**WORK INSTRUCTION**
Repeat the listing exactly. Do not carry over any pictures.

### DATASET CONTENT ###

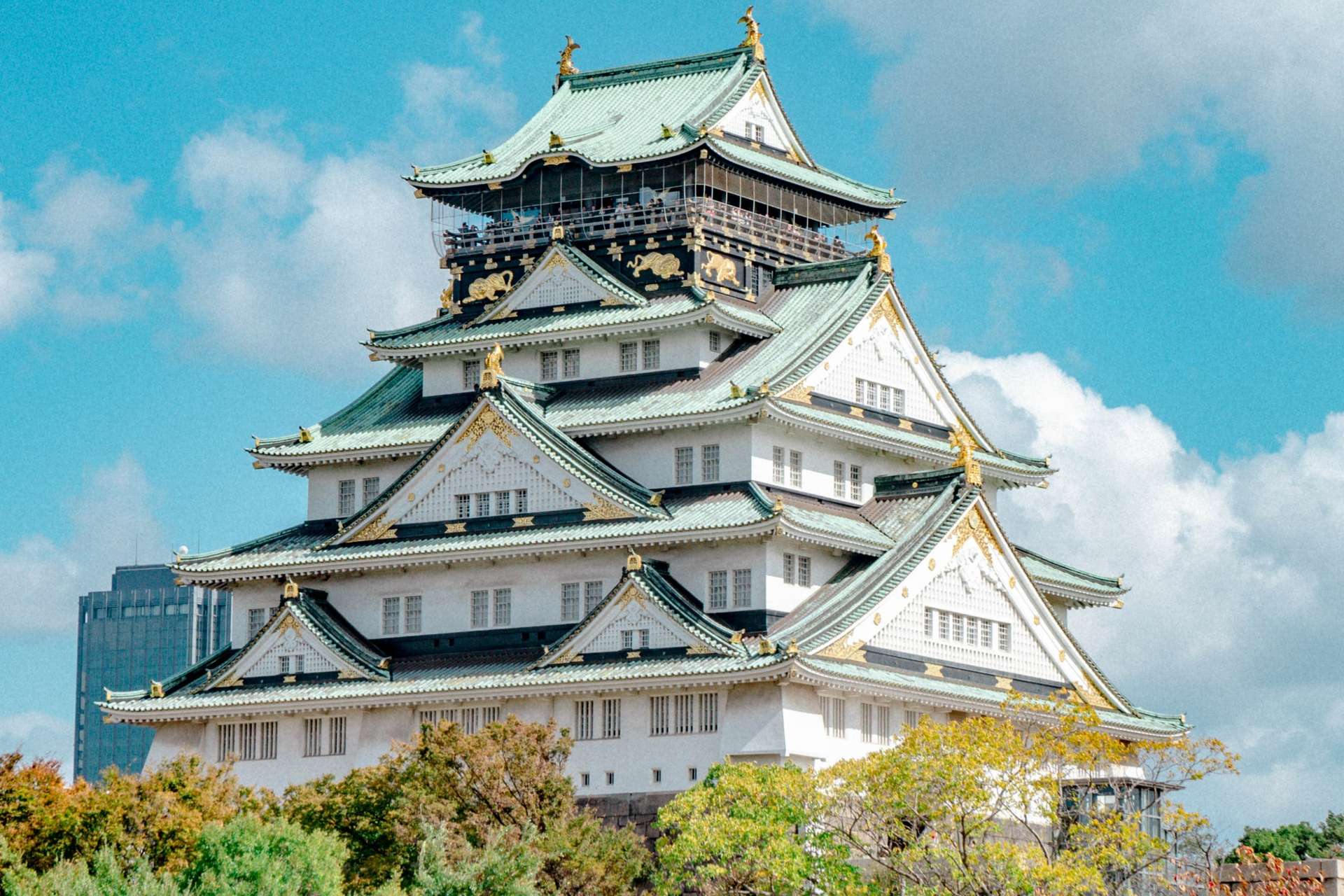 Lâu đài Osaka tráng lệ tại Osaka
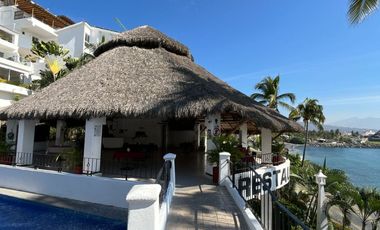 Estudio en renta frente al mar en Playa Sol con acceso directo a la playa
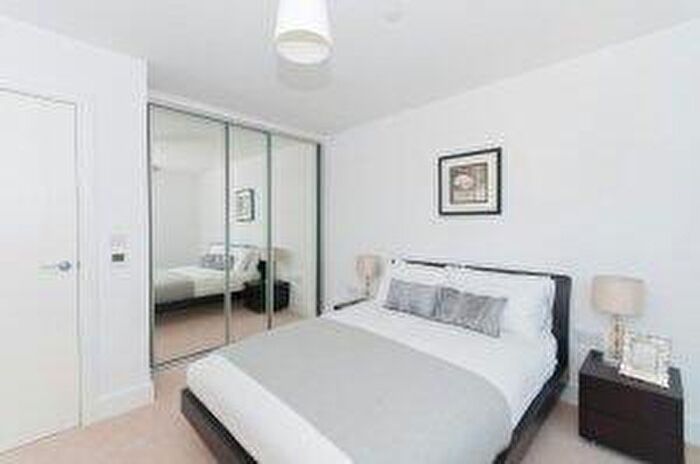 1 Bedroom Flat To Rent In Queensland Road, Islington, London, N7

###

**ANSWER TO THIS PROBLEM**
 Lâu đài Osaka tráng lệ tại Osaka
 Estudio en renta frente al mar en Playa Sol con acceso directo a la playa
 1 Bedroom Flat To Rent In Queensland Road, Islington, London, N7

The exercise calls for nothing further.